The NAB knows that Sirius and XM compete with over 10,000 free radio stations in the country. The NAB (and its members in numerous SEC filings), have admitted it:
- Last September, in his remarks to the NAB Radio Show in Dallas, Texas, NAB President and CEO David Rehr declared, “In 2006, we have satellite and internet radio [as competitors]. And barely a day passes without the introduction of a new competing device or service. But we have news for our competitors: ‘We will beat you – as we have beaten those change agents in the past.’ ”
- The NAB in October 2006 provided media ownership comments to the FCC seeking relaxation of radio ownership regulations (how ironic?) and cited satellite radio and other competitors as justification.
- That same month at the National Press Club, the NAB’s President and CEO, David Rehr, cited satellite radio as one of AM/FM’s competitors.
But as soon as the merger was announced, the NAB embarked on a non-stop campaign to distract regulators and consumers from the facts surrounding the proposed Sirius-XM merger:
- Washington guns for hire...The NAB has used its money for any Washington hired guns it could find, notably John Ashcroft. The Wall Street Journal reported that "Former Attorney General John Ashcroft, who sent a letter…to his successor Alberto Gonzales blasting the proposed merger of Sirius Satellite Radio Inc. and XM Satellite Radio Holdings Inc., approached XM in the days after the merger was announced offering the firm his consulting services." The NAB has since hired James C. Miller and Philip M. Napoli to send their own "independent" letters of opposition.
- And the verdict from the Carmel Group is...
The NAB also paid the Carmel Group, a California consulting firm, to change its views about competition in the audio entertainment market.
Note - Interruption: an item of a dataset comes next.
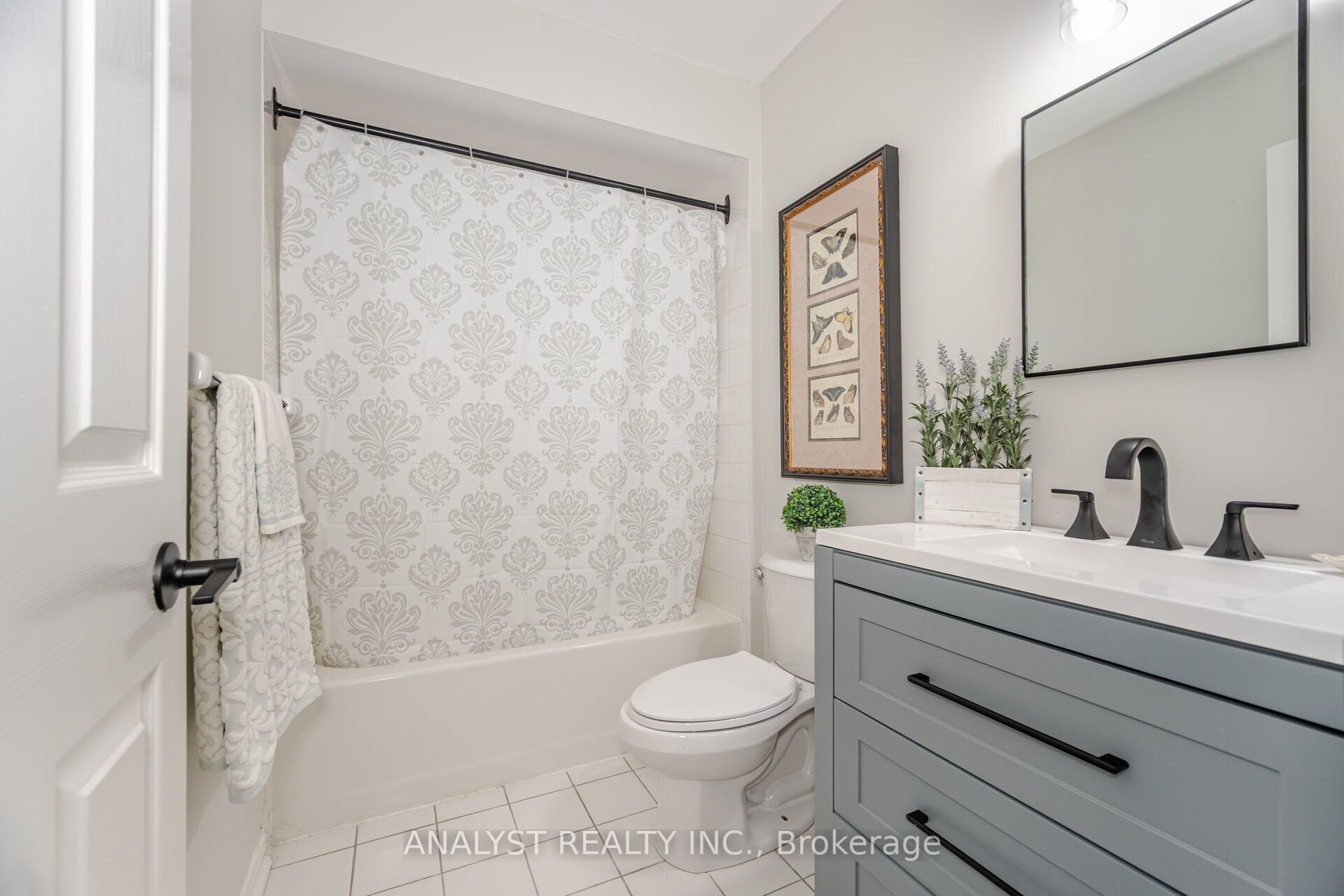 219 Woodbridge Avenue, #1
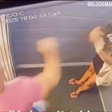 Döbbenetes videó, 61-szer ütötte meg a barátnőjét a liftben a korábbi kosárlabdázó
In an article written a year-and-a-half ago, before being hired by NAB, Carmel’s Jimmy Schaeffler described satellite radio’s competitors as "traditional analog AM & FM radio, as well as burgeoning services like MP3 players, terrestrial radio, and video- and Internet-to-the-vehicle." Yet, after receiving funds from the NAB, Mr. Schaeffler produced a white paper saying exactly the opposite.
- The best funded college student group I know...
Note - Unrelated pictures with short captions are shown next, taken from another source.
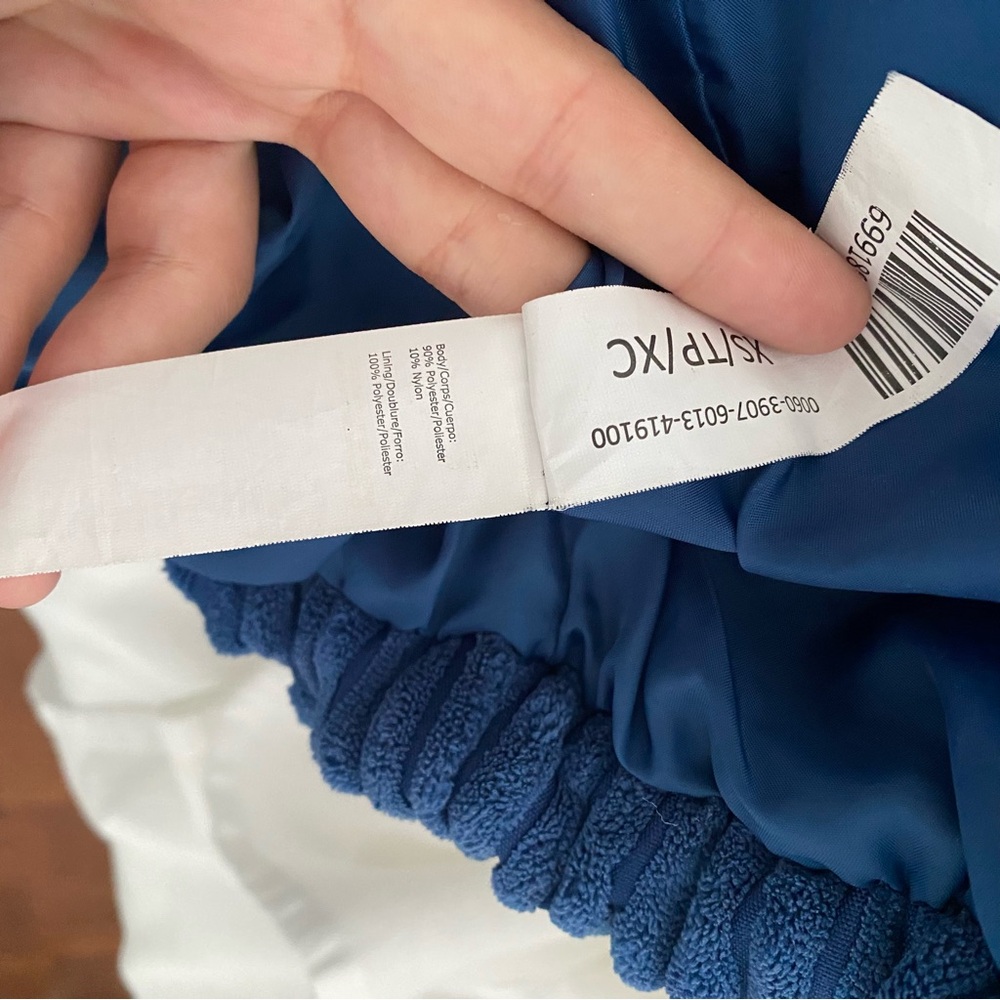 FOREVER 21 | Navy blue corduroy puffer jacket - Picture 6 of 7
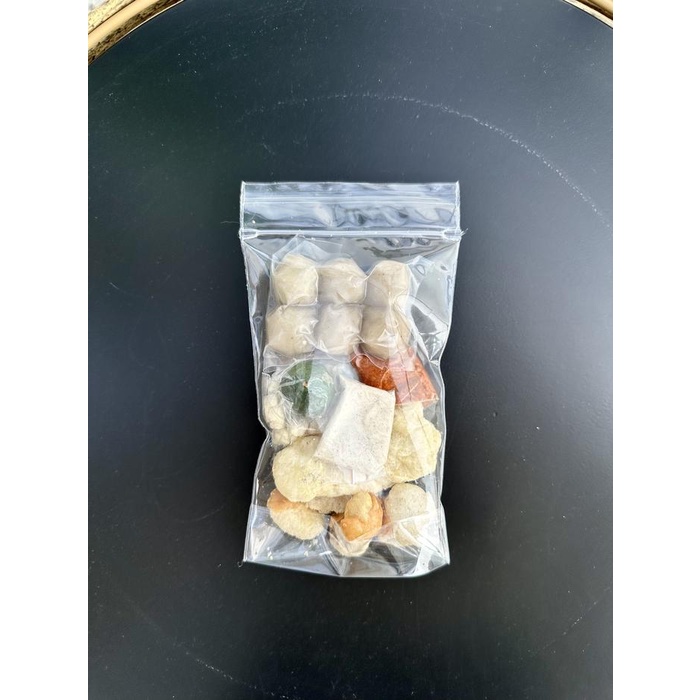 

PAKET BUNDLING HEMAT 12 (6 pcs seblak 6pcs baso aci ) MAKANAN mie food Kaldu Pedas Ayam
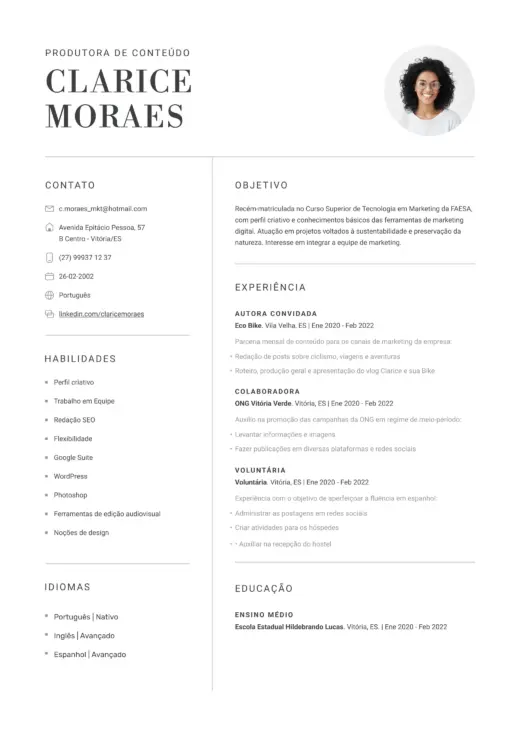 Um modelo de currículo com fundo preto e branco.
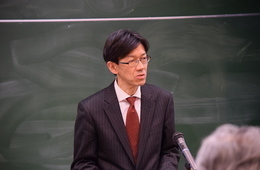 挨拶する山口学長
On February 28th, Corporate Crime Reporter uncovered the real story about the Consumer Coalition for Competition in Satellite Radio (C3SR), a group of law students opposed to the XM-Sirius merger. C3SR claimed to be an independent grassroots consumer organization and refused to say who funded it. But admitted to being "supported" by the NAB. And is able to afford commissioning reports (which reportedly can cost upwards of $400/hour) by Gregory Sidak of Criterion Economics.
- Legislators legislating on their own behalf...
Mike Hubbard, Alabama's House Minority Leader, was the lead sponsor of a non-binding resolution against the merger of Sirius and XM, which was passed by the Alabama House of Representatives on March 29th. Interestingly, Hubbard is a member of the Alabama Broadcasters Association who owns a terrestrial radio station and an audio production company serving the national broadcast industry.
And, of course, their rhetoric has changed. NAB President Rehr now claims that satellite radio doesn't compete with AM and FM radio.
Now the competition is "one way" (how convenient), and the $20 billion radio industry will face unfair competition from a combined Sirius-XM (which together have a mere 3.4% of total radio listening, according to a recent Arbitron survey).
NAB members like Clear Channel claim that a merged satellite radio company would unfairly hurt "local" radio (imagine that, Clear Channel is now "local"). Of course, Clear Channel Communications is well diversified and is working to provide nationwide mutlichannel audio content for HD Radio stations, mobile wireless audio providers and more. Don't believe me? Just listen for yourself.
The harder the NAB works to quash competition, the easier it is to see their hypocrisy. "Words have consequences," Rehr said in his keynote yesterday. So true.